Терри обещал, что мне причитается сумма «наполовину шестизначная». И Терри сдержал свое слово. Ему, кстати, тоже было о чем беспокоиться. Объясняя ситуацию, он извел на меня бутылку скотча. Налоговая проверка, замораживание счетов — я толком и не въехал, что там и как. Мы пожали руки. Он выписал мне чек, датированный сильно задним числом. Терри обещал, что выплата будет наполовину шестизначной. Так оно и было. Сумма оказалась трехзначной. Сто двадцать пять фунтов.
Через час я пил прошлогоднее шерри-бренди на кухне у Алека Ллуэллина. Мы сидели, ссутулившись, как картежники, за квадратным столом. Ритуал многократно отработанный. Мы почти не говорили, говорить было почти и не о чем. Алек Ллуэллин должен мне несколько тысяч фунтов. Ну что сказать? Деньгами тут и не пахло, это я сразу понял. Только красные деньги, минус-деньги. Я ничего про это не сказал. Но он и так понял. От его острого чувственного лица мало что оставалось, но старый радар функционировал по-прежнему. Алек знал, зачем я пришел, и он меня боялся.
Это последний страх, который мне удастся ему внушить; дальше явно не светит. Я откинулся на спинку. Атмосфера, к моей радости, сгущалась.
Вы, наверно, теряетесь в догадках, как я покинул Нью-Йорк. Я тоже, в некотором смысле, теряюсь. Вы, наверно, ломаете голову, кто купил мне билет. Мартина? Нет. Увы, нет, не Мартина.
«Эртрак» без затей выгрузил нас в здании аэровокзала в полпервого ночи. Имела место картина маслом (кисти неизвестного художника двадцатого века — без вариантов, двадцатого): всепланетная паника, фоторепортеры, люди с папками и бэджами, истошное горе беженцев.
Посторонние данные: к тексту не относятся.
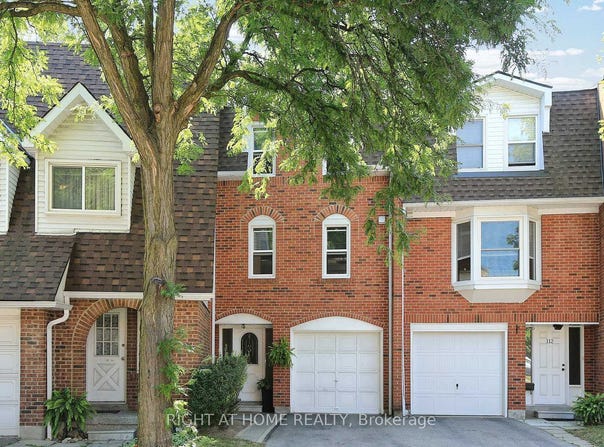 111 - 333 Meadows Boulevard, Mississauga, Ontario L4Z1G9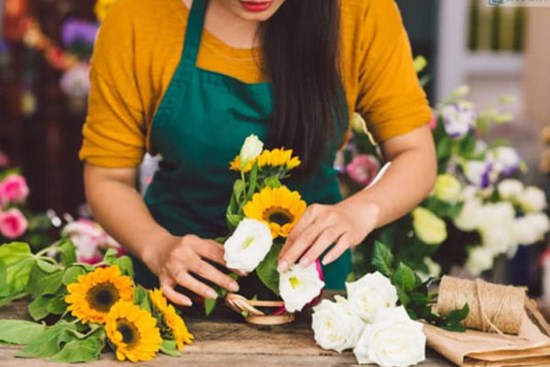 Mẹo giữ hoa tươi lâu cả tuần cực kỳ đơn giản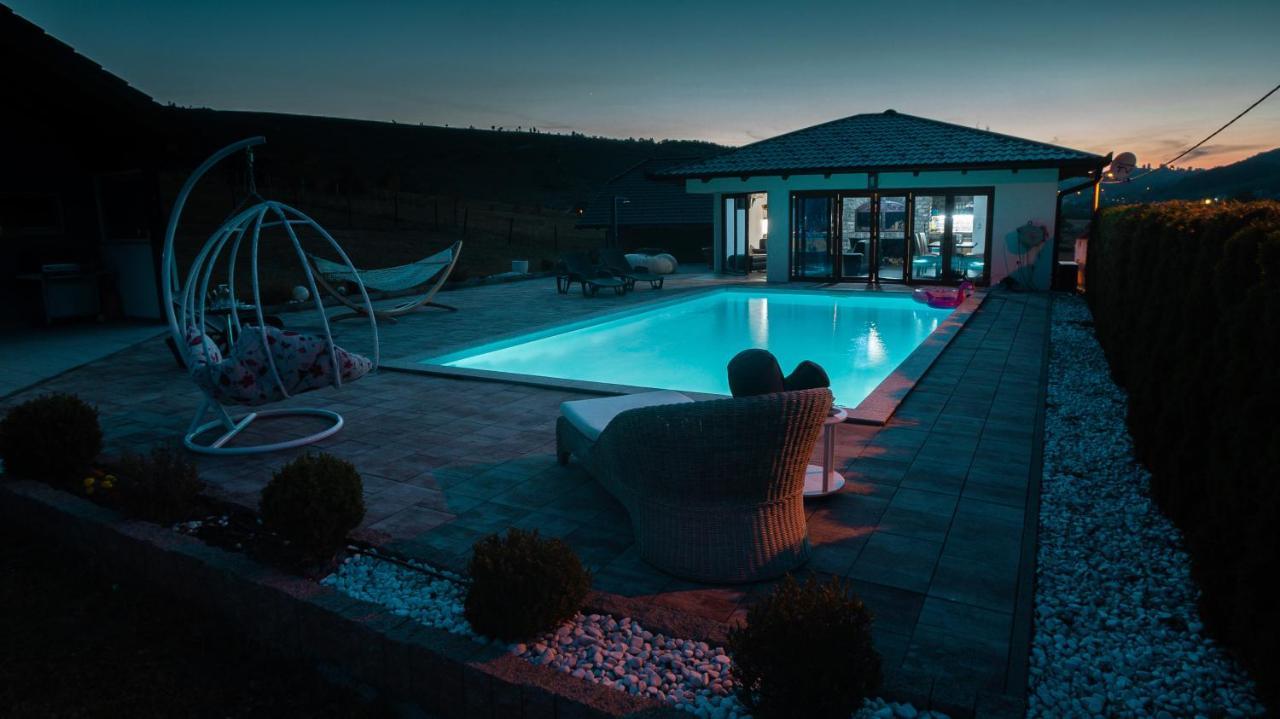 Villa De Luxe Bihać Екстериор снимка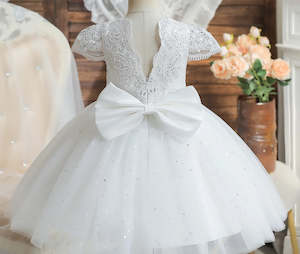 G20278. Short sleeve, beaded bodice, tulle flower girl, party dress. Age 5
Позаботилась ли народная авиалиния о других билетах для своего народа? Хрена лысого. В качестве компенсации нам выдали талоны на лимонад и карточки на пончики. В любом случае я был уже готов хлопнуться с копыт долой, как вдруг увидел — кого бы вы думали? Беспорядочное мельтешение разрезал человек и атомоход Биг-Бруно, в кильватер за ним пристроился Хоррис Толчок. Вот и славно. Берите меня, подумал я, сдаюсь. Но я опять сорвался в бега, увиливая от Бруно, Хорриса, полиции денег, увиливая от всей Америки... На ночь я затихарился в сортире павильона «Пак-эр». Каждые несколько секунд я слабо икал и ждал очередной подлянки от своего зуба. Там был автомат, торгующий аспирином, прямо в туалете. Но у меня не было монет. Ни единой. Если бы я мог покончить с собой тогда ночью, то обязательно покончил бы. Но самоубийство, как и аспирин, как и все остальное, стоит денег, а денег у меня не было. Накладная штука самоубийство, если вы, конечно, не настоящий герой. Я пробовал глотать мартинины таблетки. Желудок отказывался их удерживать. И ни капли бухла, чтобы запить. Часам к пяти утра я достиг точки, когда стал искренне сострадать бедному зубу, который, в конце концов, испытывал смертные муки, погибал во цвете лет насильственной смертью от своей руки.